▶ Task prompt
Go to the line that contains "Video thumbnail for" and transcribe from there to the end of the entries, that line and the last one included.

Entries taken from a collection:
⟨

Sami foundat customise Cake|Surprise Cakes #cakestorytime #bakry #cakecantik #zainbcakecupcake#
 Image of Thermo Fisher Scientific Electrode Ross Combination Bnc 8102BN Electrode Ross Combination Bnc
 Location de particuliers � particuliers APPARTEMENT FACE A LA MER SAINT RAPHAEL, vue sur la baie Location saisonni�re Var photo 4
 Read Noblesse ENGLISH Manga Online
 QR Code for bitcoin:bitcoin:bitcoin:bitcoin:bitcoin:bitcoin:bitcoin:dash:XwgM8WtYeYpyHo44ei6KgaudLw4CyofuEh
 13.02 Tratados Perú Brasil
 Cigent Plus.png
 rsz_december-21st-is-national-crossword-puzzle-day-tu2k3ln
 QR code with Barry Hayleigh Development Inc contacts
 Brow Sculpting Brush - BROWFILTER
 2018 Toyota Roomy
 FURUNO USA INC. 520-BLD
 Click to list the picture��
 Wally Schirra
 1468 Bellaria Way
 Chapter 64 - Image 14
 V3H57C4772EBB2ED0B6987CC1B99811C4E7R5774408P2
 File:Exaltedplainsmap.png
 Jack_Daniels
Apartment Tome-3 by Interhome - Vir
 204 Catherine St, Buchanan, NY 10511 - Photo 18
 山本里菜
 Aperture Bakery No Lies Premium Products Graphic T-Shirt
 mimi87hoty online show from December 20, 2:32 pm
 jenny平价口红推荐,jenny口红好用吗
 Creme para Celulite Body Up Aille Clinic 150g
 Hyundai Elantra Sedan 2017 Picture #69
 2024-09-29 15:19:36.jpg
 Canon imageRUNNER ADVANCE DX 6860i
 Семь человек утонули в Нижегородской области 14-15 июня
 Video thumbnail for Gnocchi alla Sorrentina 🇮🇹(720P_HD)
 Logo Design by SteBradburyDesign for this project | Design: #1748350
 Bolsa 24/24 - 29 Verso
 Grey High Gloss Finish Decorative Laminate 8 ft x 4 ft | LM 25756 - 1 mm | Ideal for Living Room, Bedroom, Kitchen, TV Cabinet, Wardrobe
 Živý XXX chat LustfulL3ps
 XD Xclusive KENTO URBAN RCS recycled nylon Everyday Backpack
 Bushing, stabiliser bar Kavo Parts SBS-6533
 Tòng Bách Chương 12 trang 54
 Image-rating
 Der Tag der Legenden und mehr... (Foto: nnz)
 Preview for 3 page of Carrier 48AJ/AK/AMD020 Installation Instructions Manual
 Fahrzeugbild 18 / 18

⟩

▶ Answer to this task
 Video thumbnail for Gnocchi alla Sorrentina 🇮🇹(720P_HD)
 Logo Design by SteBradburyDesign for this project | Design: #1748350
 Bolsa 24/24 - 29 Verso
 Grey High Gloss Finish Decorative Laminate 8 ft x 4 ft | LM 25756 - 1 mm | Ideal for Living Room, Bedroom, Kitchen, TV Cabinet, Wardrobe
 Živý XXX chat LustfulL3ps
 XD Xclusive KENTO URBAN RCS recycled nylon Everyday Backpack
 Bushing, stabiliser bar Kavo Parts SBS-6533
 Tòng Bách Chương 12 trang 54
 Image-rating
 Der Tag der Legenden und mehr... (Foto: nnz)
 Preview for 3 page of Carrier 48AJ/AK/AMD020 Installation Instructions Manual
 Fahrzeugbild 18 / 18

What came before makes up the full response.